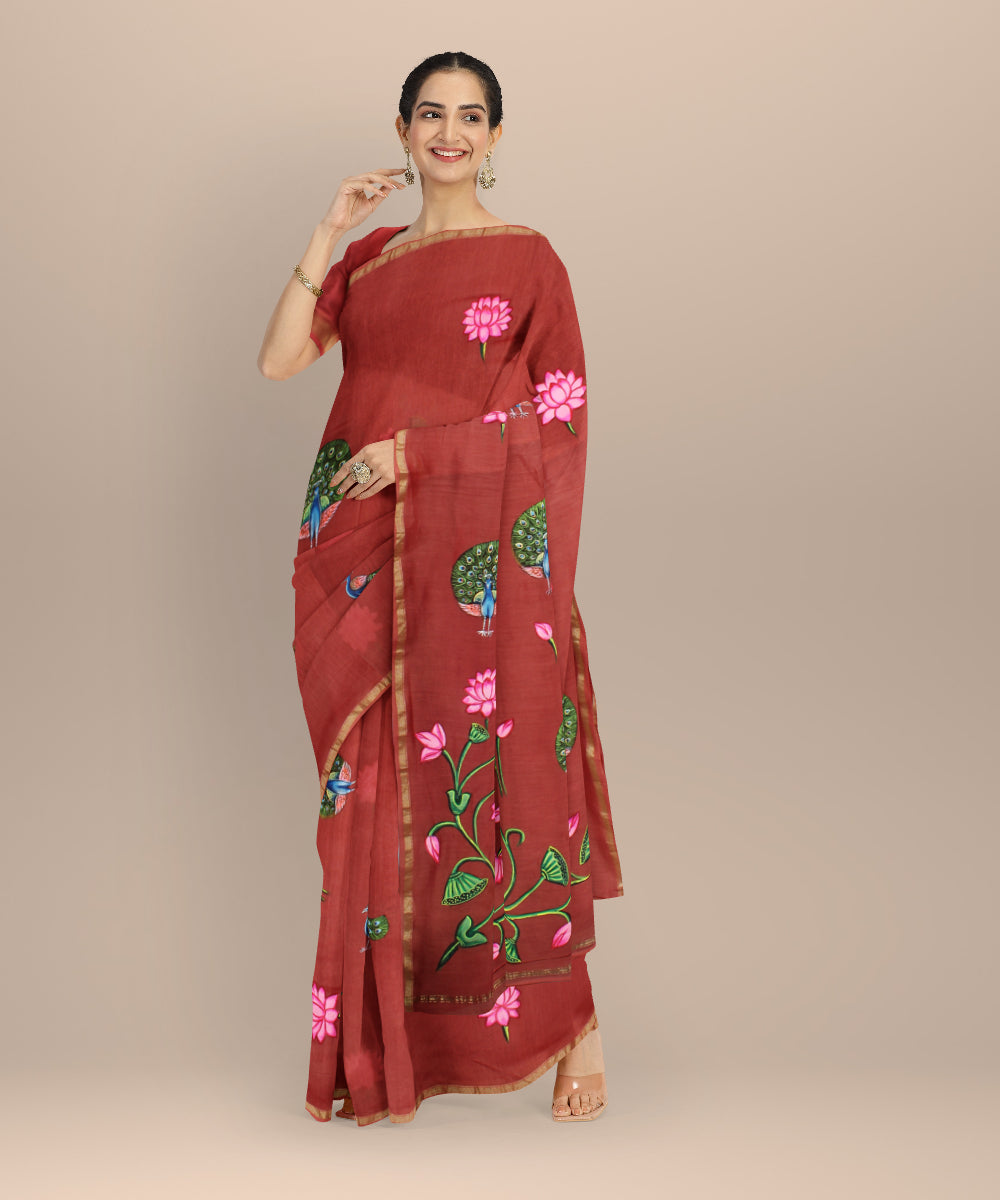 Rust pink hand painted ajrakh cotton silk chanderi saree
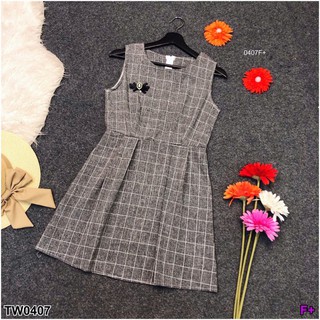 SS0407 dress เดรสแขนกุดลายสก็อต
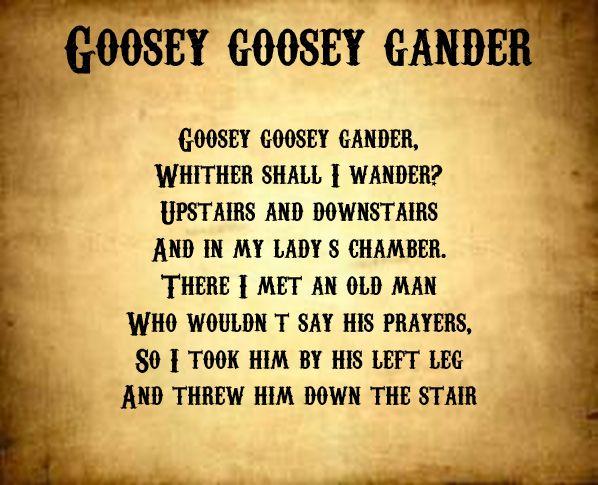 Curiosity crime and cocktail time, nursery rhymes, nursery rhyme origins, dark nursery rhymes, goosey goosey gander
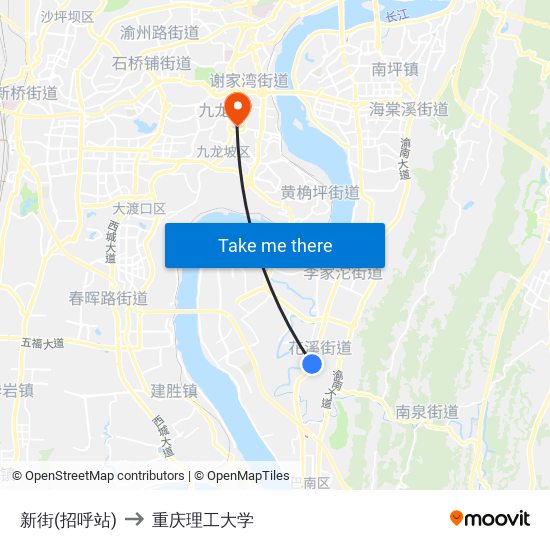 新街(招呼站) to 重庆理工大学 map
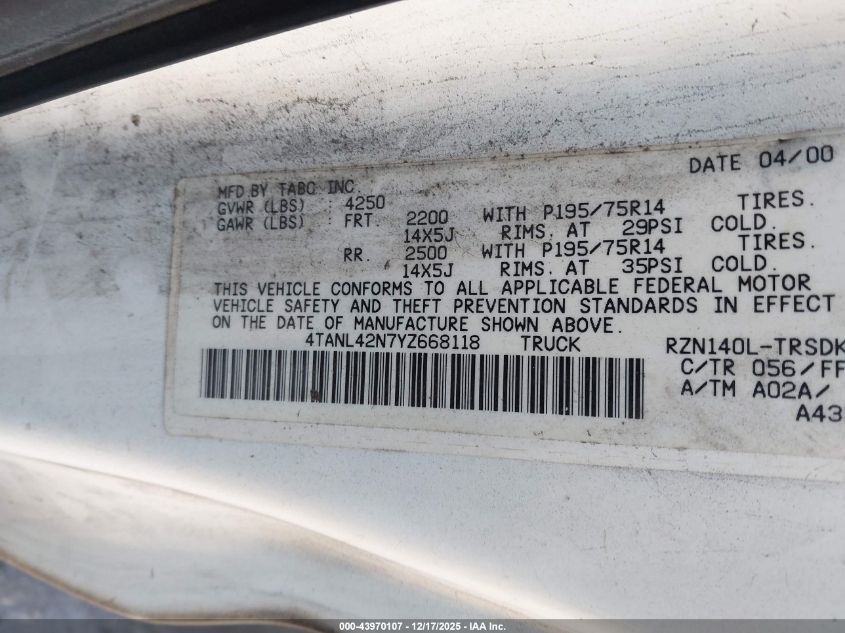 2000 Toyota Tacoma VIN: 4TANL42N7YZ668118 Lot: 43970107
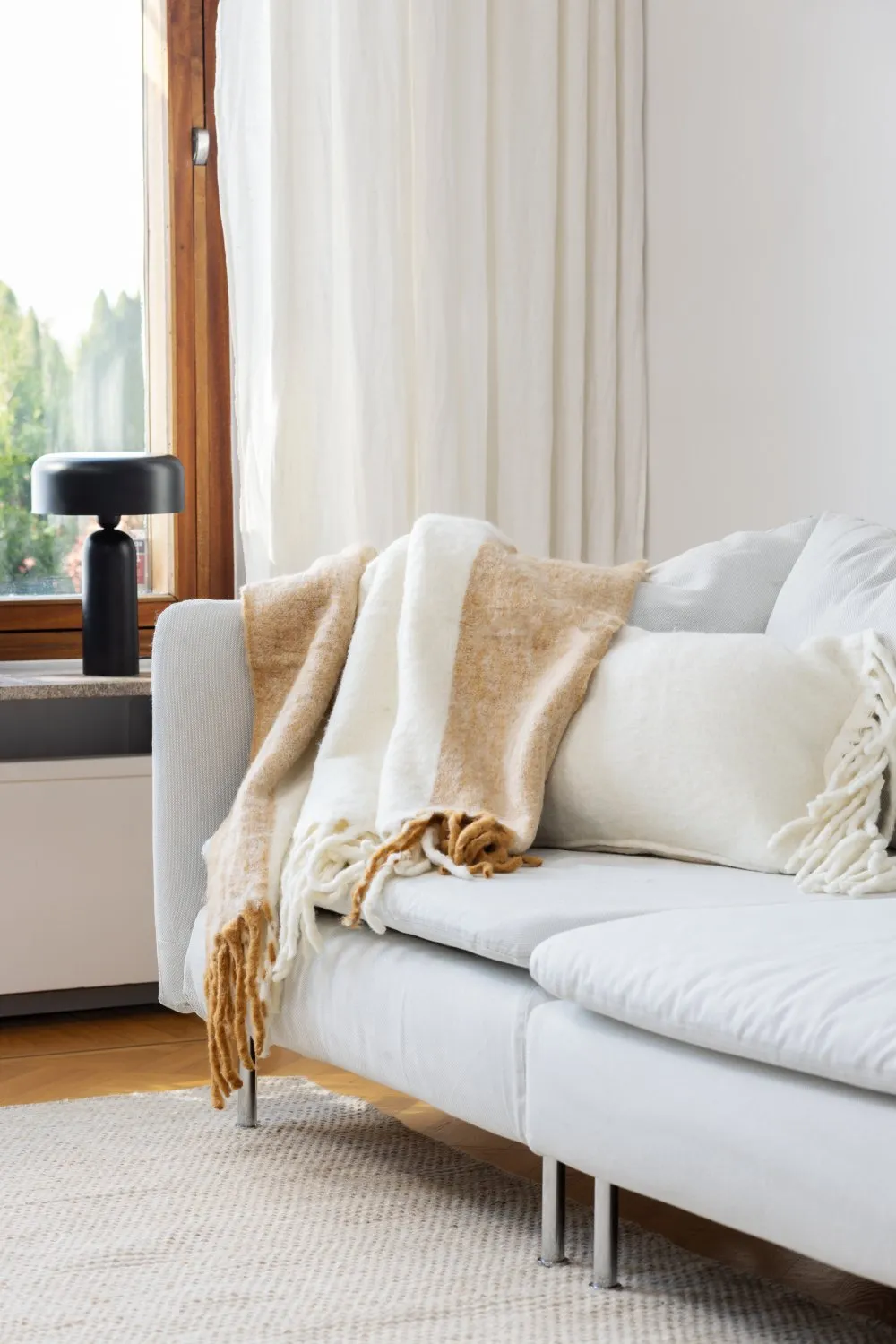 Plaid dekens - throw van wolmix - Carol (geel)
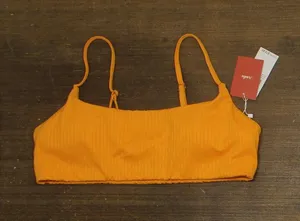 Andie Womens Maui Ribbed Bikini Swim Top AT383 Tangerine Orange Yellow L thumbnail 1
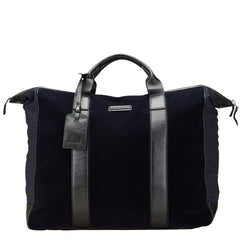 エンポリオ アルマーニ ロゴ ボストンバッグ ネイビー ブラック ポリエステル ナイロン レザー レディース Emporio Armani 【中古】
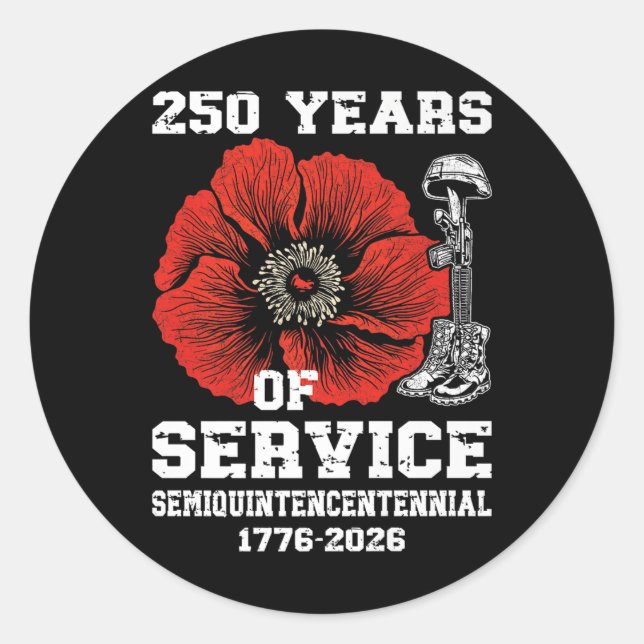 Pegatina Redonda 250 años del 250 aniversario de la independencia d (Anverso)
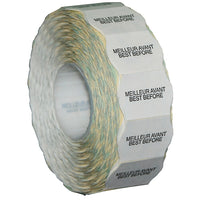 Meto 1522 2-Line White Meilleur Avant/Best Before Labels 1125/RL, 14 Pack-Wavy edges designed to catch customer's attention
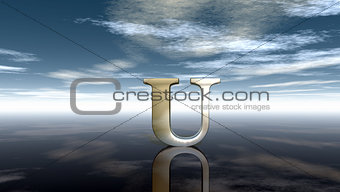 metal uppercase letter u under cloudy sky - 3d rendering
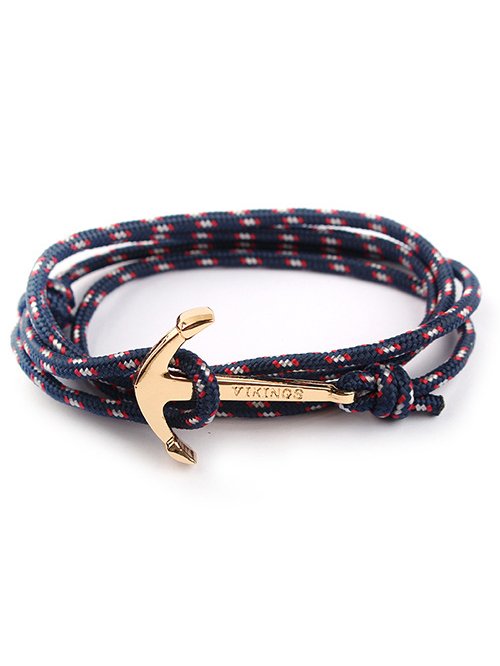 Hardaddy Vacation Casual Anchor Shapes Handwoven Layered Bracelets Men's Jewelry
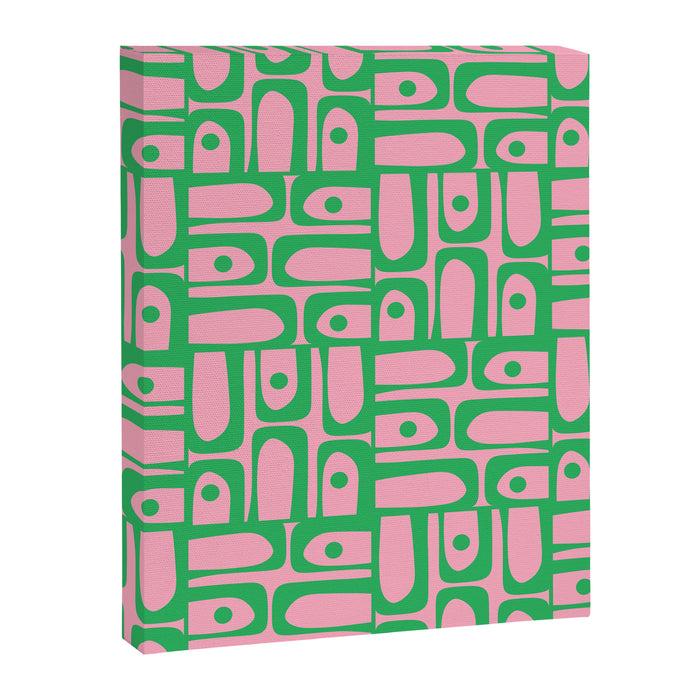 Mid Century Modern Piquet Abstract Multi Geometric Spring Green and Pink Pattern Canvas Print Gallery Image 1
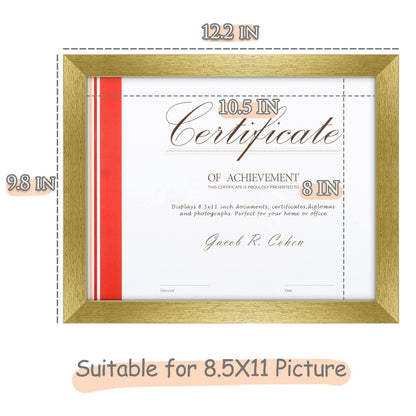 8.5 x 11 Picture Frame with Back Hangers for Wall Display, Easel Stand for Tabletop, for Certificates, Wide Molding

# Exercise directions
Copy the listing above verbatim, leaving out pictures.

# Exercise solution
 Rust pink hand painted ajrakh cotton silk chanderi saree
 SS0407 dress เดรสแขนกุดลายสก็อต
 Curiosity crime and cocktail time, nursery rhymes, nursery rhyme origins, dark nursery rhymes, goosey goosey gander
 新街(招呼站) to 重庆理工大学 map
 2000 Toyota Tacoma VIN: 4TANL42N7YZ668118 Lot: 43970107
 Plaid dekens - throw van wolmix - Carol (geel)
 Andie Womens Maui Ribbed Bikini Swim Top AT383 Tangerine Orange Yellow L thumbnail 1
 エンポリオ アルマーニ ロゴ ボストンバッグ ネイビー ブラック ポリエステル ナイロン レザー レディース Emporio Armani 【中古】
 Pegatina Redonda 250 años del 250 aniversario de la independencia d (Anverso)
 Meto 1522 2-Line White Meilleur Avant/Best Before Labels 1125/RL, 14 Pack-Wavy edges designed to catch customer's attention
 metal uppercase letter u under cloudy sky - 3d rendering
 Hardaddy Vacation Casual Anchor Shapes Handwoven Layered Bracelets Men's Jewelry
 Mid Century Modern Piquet Abstract Multi Geometric Spring Green and Pink Pattern Canvas Print Gallery Image 1
 8.5 x 11 Picture Frame with Back Hangers for Wall Display, Easel Stand for Tabletop, for Certificates, Wide Molding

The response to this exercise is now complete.